One of the stories of the week in the most recent Friday Five was a link to a series of tweets where Alexander Leon, a writer and human right activist, talked about an aspect of coming out that lots of people don’t understand, and many queer people seldom talk about. The tweets were an attempt to sum out an essay he had written but had never gotten published. Towleroad has subsequently published the entire essay (along with some cute yet informative pictures from Leon’s childhood): Out of the Closet and Into the Fire — How I Stopped Performing and Fought to Become Myself.

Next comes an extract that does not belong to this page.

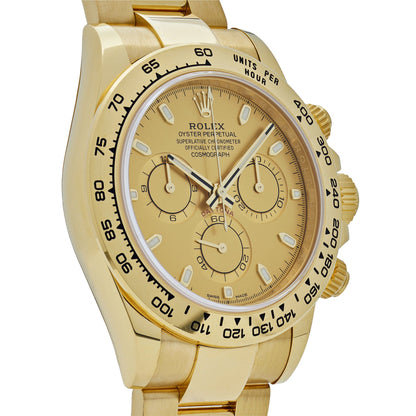 2025 Watch Daytona 116508 Yellow Gold Champagne Dial (2022)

Queer people don’t grow up as ourselves, we grow up playing a version of ourselves that sacrifices authenticity to minimise humiliation & prejudice. The massive task of our adult lives is to unpick which parts of ourselves are truly us & which parts we’ve created to protect us.
—Alexander Leon
This is a topic I’ve touched on a few times before, but usually buried in a discussion about people who were part of our lives when we were closeted and how they react when we come out. Specifically, the idea that some of our loved ones didn’t actually love our true self, but rather they loved the mask or facade (or as Leon calls it, armor) that we had adopted in an attempt to protect ourselves from the bullying as well as the much more subtle forms of homophobia.
That particular bit manifests in many ways. Some of them talk about how we’ve changed so much they don’t recognize us any more. Some of them get annoyed (or worse) any time we mention anything that reminds them we’re queer. And I do mean anything. “Why do you have to keep calling him your husband?” “Because that’s who he is? Would you be happy if I started referring to your spouse as ‘your friend’?”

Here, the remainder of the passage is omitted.